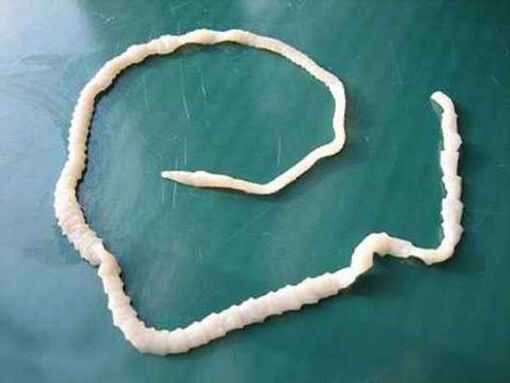 ludzki tasiemiec wieprzowy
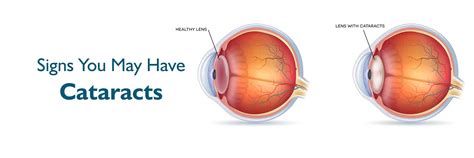Know the Signs of Cataract and Eye Health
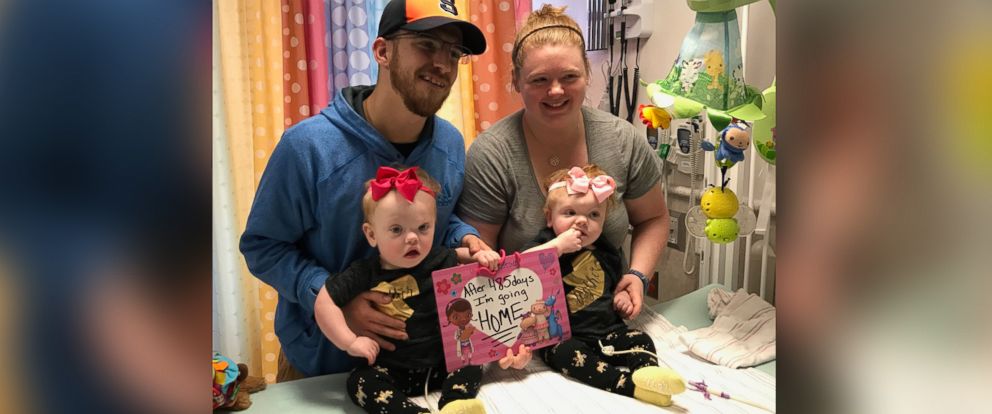 PHOTO: A pair of formerly conjoined twins are being discharged from the hospital just in time for Thanksgiving after a successful surgery to separate them.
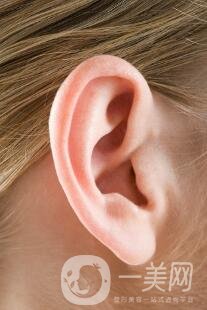 招風(fēng)耳手術(shù)多少錢?醫(yī)院收費(fèi)情況說明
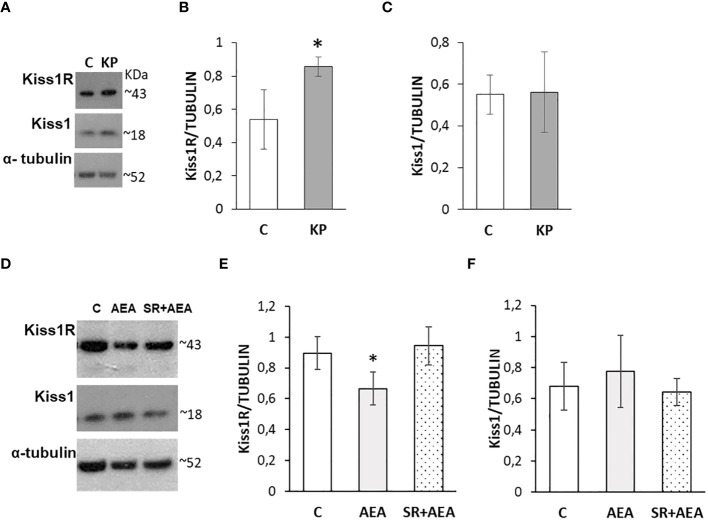 Modulation of the KS by KP (A–C) and AEA (D–F) in rat testis. Representative Western blots for Kiss1R and Kiss1 (A, D) and normalization of Kiss1R (B, E) and Kiss1 signals (C, F) carried out against α-tubulin. N = 6 different animals in KP treatments and n = 4 in AEA treatments; data are expressed as protein OD/tubulin OD ± standard deviation. C, control group (placebo-injected animals); KP, animals injected with Kp10; AEA, animals injected with AEA; SR + AEA, animals first received SR141716A and 30 min later received AEA treatment. *p< 0.05.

# Problem details:
Write out exactly and only the lines that run from the start of the data above through the line containing "招風(fēng)耳手術(shù)多少錢?醫(yī)院收費(fèi)情況說明", leaving the pictures out.

# Worked solution:
 ludzki tasiemiec wieprzowy
Know the Signs of Cataract and Eye Health
 PHOTO: A pair of formerly conjoined twins are being discharged from the hospital just in time for Thanksgiving after a successful surgery to separate them.
 招風(fēng)耳手術(shù)多少錢?醫(yī)院收費(fèi)情況說明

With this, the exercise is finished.